What is expected
Quote exactly the lines from the one with "Eagle Pass Landscapers" to the end of the data, both included; omit the pictures.

Recorded information
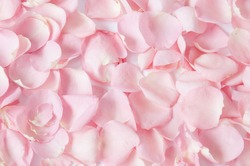 Roses petals background 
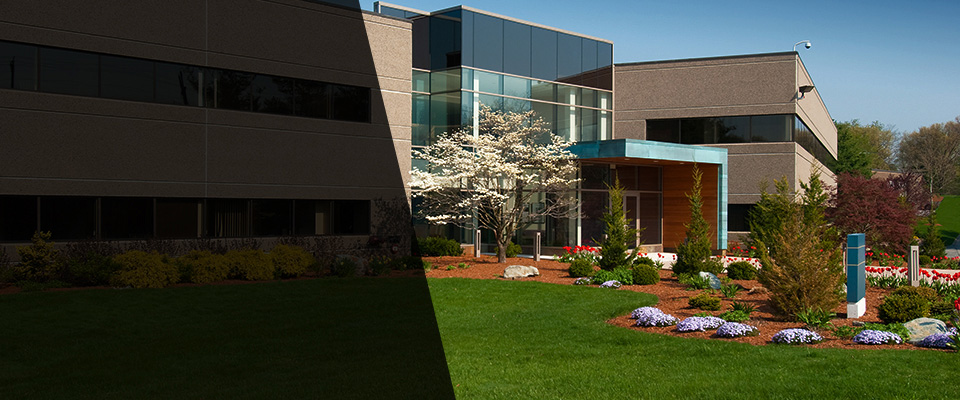 Eagle Pass Landscapers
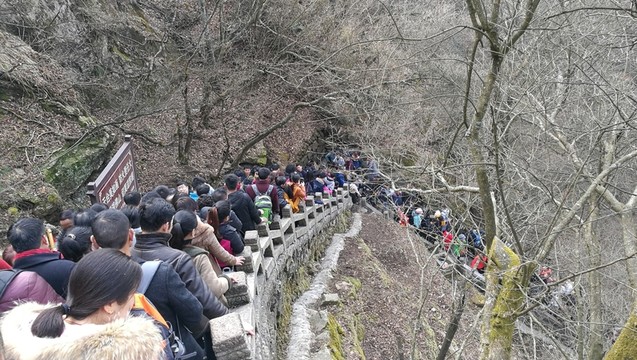 來(lái)往游客絡(luò)繹不絕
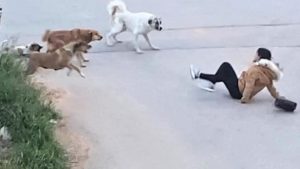 Ankara'da başıboş köpeker yolda yürüyen genç kıza saldırdı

Task response
 Eagle Pass Landscapers
 來(lái)往游客絡(luò)繹不絕
 Ankara'da başıboş köpeker yolda yürüyen genç kıza saldırdı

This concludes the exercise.